### Assignment
Could you return each line from the one bearing "Hi everybody. Today" through the last line of the entries, exactly as it stands, with no pictures?
Exercise input START
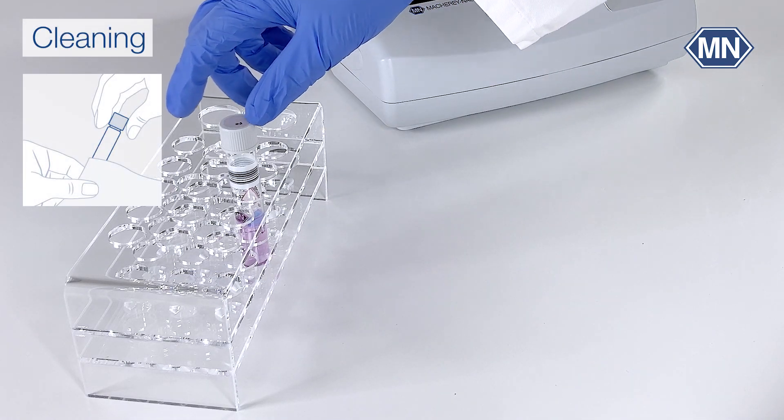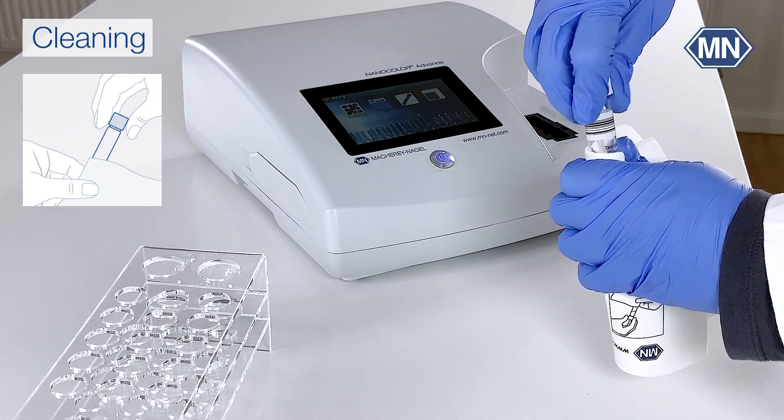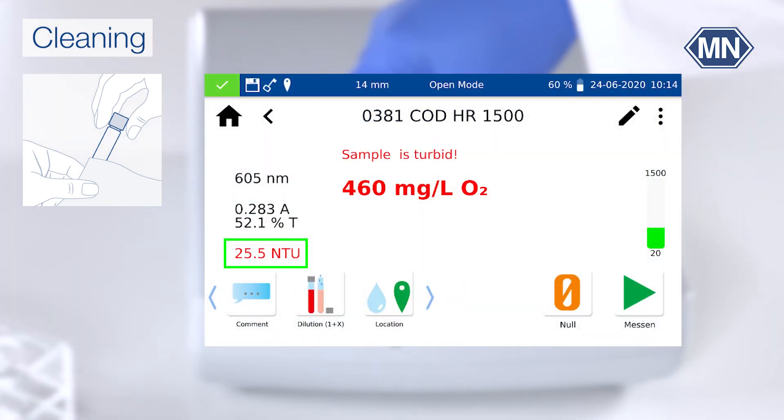Clean the test tube thoroughly. Check the test tube for turbidities, as the tests are sensitive to turbidities. Make sure to have the NTU check always activated to prevent wrong results because of turbidity.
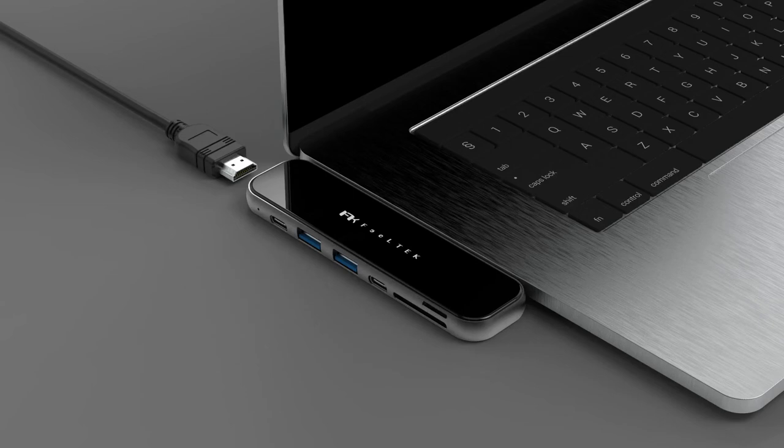The HDMI port is able to stream media on your laptop to a large monitor.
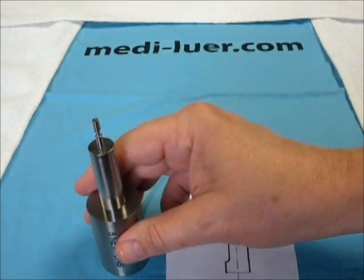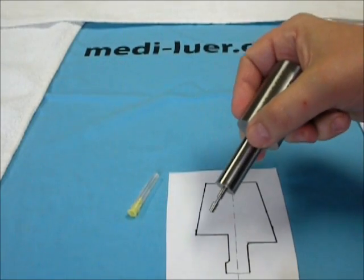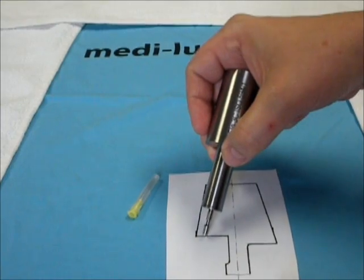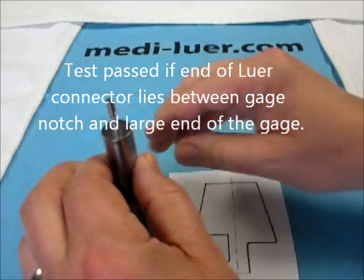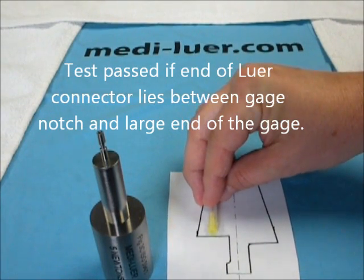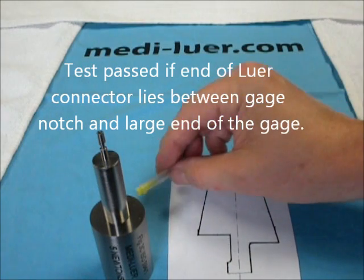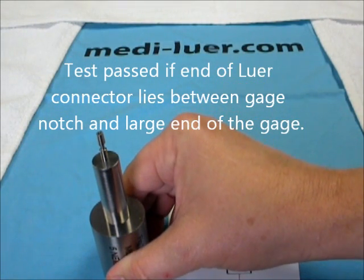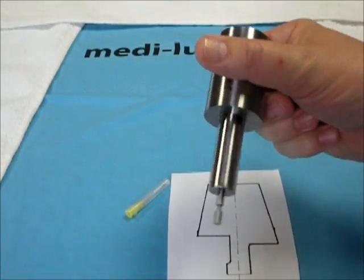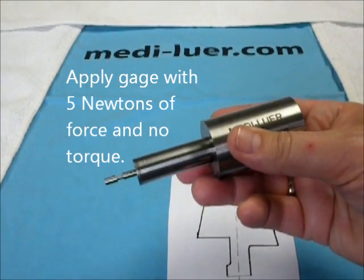You will notice that the gauge itself has a notch cut onto the end of the gauge — so you've got the end of the gauge and you've got a notch. The goal of the test is to have the end of the test piece fall between these two surfaces of the gauge. The ISO 594-1 tells us to use this gauge with 5 newtons of force and no torque.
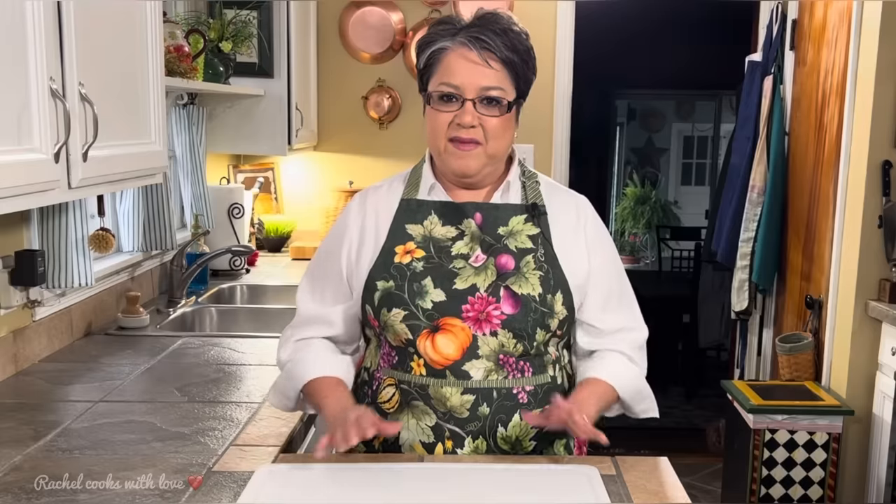Hi everybody. Today on Rachel Cooks with Love, I'm going to show you a great alternative to your everyday potatoes. I'm going to be roasting them, seasoning them with freshly minced garlic and rosemary, and they're going to be nice and crispy on the outside and soft and fluffy on the inside. This is a perfect dish any time of year, and if you're wanting to get away from the same old mashed potatoes during the holidays, this recipe is for you. Super easy to put together — I'll show you how step by step.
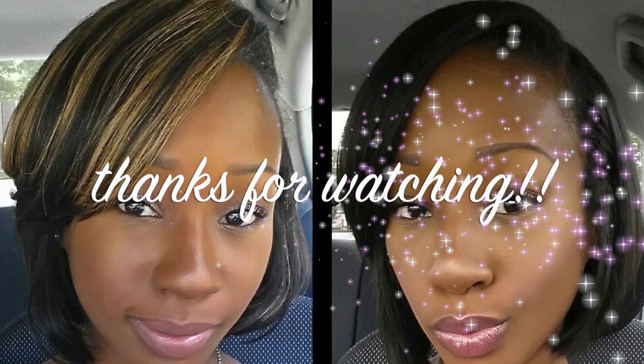So I decided to add a piece of blonde to change my style. Let me know what you think and I will check you guys out soon on my next video. Bye!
Exercise input END
### Result of this exercise
Hi everybody. Today on Rachel Cooks with Love, I'm going to show you a great alternative to your everyday potatoes. I'm going to be roasting them, seasoning them with freshly minced garlic and rosemary, and they're going to be nice and crispy on the outside and soft and fluffy on the inside. This is a perfect dish any time of year, and if you're wanting to get away from the same old mashed potatoes during the holidays, this recipe is for you. Super easy to put together — I'll show you how step by step.
So I decided to add a piece of blonde to change my style. Let me know what you think and I will check you guys out soon on my next video. Bye!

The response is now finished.